Publié le 28 novembre 2022 BERNARD BOUSQUET, Ingénieur forestier, Écologue, Ancien expert de la Division des Sciences Écologiques de l’Unesco. Écrit à la directrice Générale de l'Unesco

Bernard Bousquet                                                  Sarlat, le 28 novembre 2022

Ancien expert de la Division

des Sciences Ecologiques de l’Unesco

 

bebousquet@wanadoo.fr

Tel 06 88 77 30 20

 

Madame la Directrice Générale

UNESCO

7, Place de Fontenoy

75007 Paris

 

 

 

Lettre ouverte à la Directrice Générale de l’UNESCO

 

 

 

Objet : la poursuite du chantier de la déviation de Beynac à l’ordre du jour ?

 

 

 

Madame la Directrice Générale,

 

 

Par un courrier du 21 décembre 2018, nous avions déjà alerté votre prédécesseuse sur la menace que le contournement routier de Beynac (Dordogne) faisait peser sur l’intégrité de la zone centrale de la Réserve de Biosphère « Bassin de la Dordogne ».

 

La France s’était pourtant engagée auprès de l’UNESCO à ne faire que des projets de développement durable dans ses 13 réserves de biosphère. En ressortant en 2016 un projet d’aménagement routier vieux de 40 ans en pleine zone centrale, zone dont la vocation est la stricte protection de la biodiversité, le Président du Conseil départemental de la Dordogne, porteur du projet et soutenu par l’Etat, a conduit la France à rompre ses engagements.

 

En 2017, il s’est passé un « fait du prince » inadmissible à l’intérieur d’une Réserve de Biosphère, quand le principe d’adhésion de la population qui est l’une des composantes fondamentales des réserves de biosphère fut bafoué, plus de 80% s’étant déclaré hostiles à ce projet lors de l’enquête publique menée cette année-là.

 

Après plusieurs recours en justice engagés sans succès par les opposants, il a fallu attendre l’heureuse décision du Conseil d’Etat (28/12/2018), pour que le chantier soit définitivement stoppé.
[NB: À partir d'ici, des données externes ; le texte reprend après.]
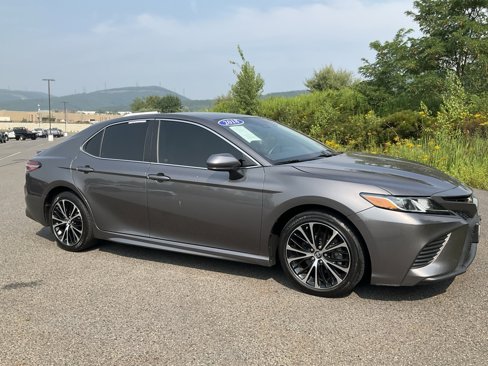 Used 2018 Toyota Camry SE image 1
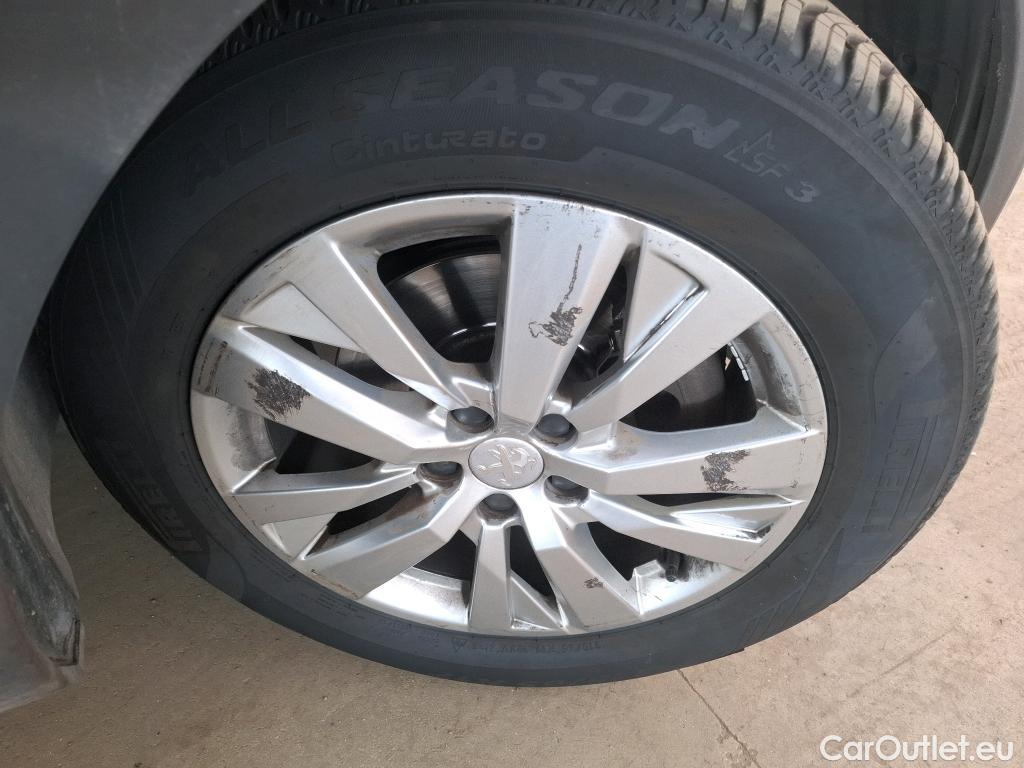  Peugeot  5008  Active Business 1.2 PureTech 130CV BVM6 E6d #43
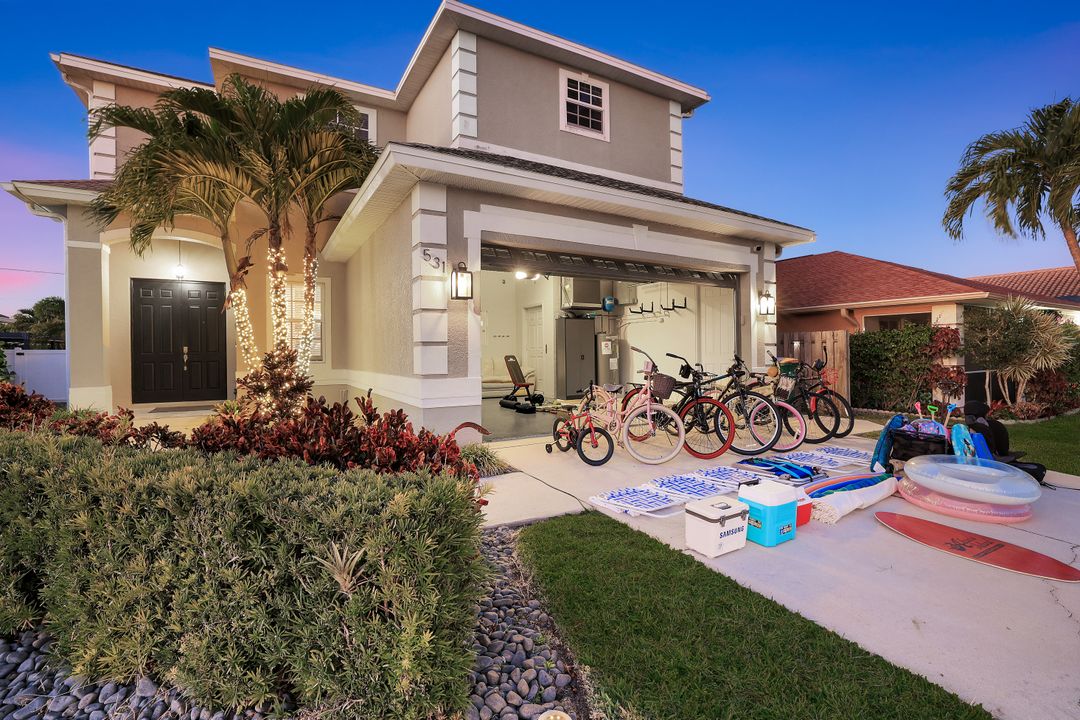 531 105th Ave N, Naples, FL 34108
Hélas, avant ce blocage, de graves dommages avaient eu le temps d’être causés au paysage et aux écosystèmes naturels de la zone centrale : pollution des eaux lors des travaux, déforestation d’une ripisylve centenaire (habitat communautaire de l’Europe), clôturage du chantier perturbant les déplacements de la faune, bétonnage de terres agricoles dans le lit majeur de la rivière, suppression d’habitats d’espèces remarquables, … Des vestiges archéologiques situés sur le tracé de la route projetée, dont un bassin gallo-romain, ont été démolis en toute hâte avant même d’être étudiés !

 

Le président du Conseil départemental de la Dordogne, Germinal Peiro, n’a jamais accepté cette décision de justice qui exigeait de lui qu’il remettre le site dans son état initial. Cette obligation s’accompagne désormais d’une astreinte de 3000 euros par jour au département si la remise en état ne démarre pas avant la fin de cette année.

 

Mr Peiro, n’a jamais obéi à cette injonction, critiquant cette décision des Juges qui selon lui « torpillait un projet d’intérêt général et faisait perdre 40 millions d’euros aux Périgourdins ». Les juges ont considéré que l’intérêt général était du côté de la protection de la biodiversité. Quant aux sommes avancées par Mr Peiro pour la démolition du chantier, elles sont fantaisistes, mais ont réussi à convaincre nombre d’habitants du département qui s’y réfèrent pour dire qu’il faut achever ce qui a été commencé.

 

Depuis trois ans, le site est pollué par la présence des éléments intrusifs de ce chantier abandonné : piles de ponts, estacades, monticules de terre, radier de béton, etc. qui enlaidissent considérablement le paysage de ce site emblématique, classé à plus d’un titre (Natura 2000, arrêté de biotope, site inscrit et zone centrale de RB).

 

Mais voici que les choses sont en train de bouger, que la vase est remise en suspension…

 

Loin de renoncer, le département de la Dordogne vient de concevoir un soi-disant « nouveau projet », votant une provision d’un million d’euros pour payer l’astreinte financière pendant au moins une année. Un an, c’est à peu près le temps nécessaire pour que ce « nouveau projet » obtienne l’agrément du Préfet. Nous l’avons rencontré à plusieurs reprises. Il entretient le suspens et ne fera part de sa décision que dans le courant du mois de décembre. Quant à Mr Peiro, il continue son lobbying politique, ayant réussi à « accrocher » le Président de la République à propos de son projet, à l’occasion du récent Congrès des Maires de France.

 

Cette possibilité de « nouveau projet » nous inquiète. Un projet qui n’aurait en fait pas grand-chose de ‘nouveau’ puisqu’il reprendrait les éléments abandonnés du chantier précédent, dont les énormes et disgracieuses piles en béton des deux ponts ultra-modernes projetés sur la rivière que le département refuse obstinément de démolir.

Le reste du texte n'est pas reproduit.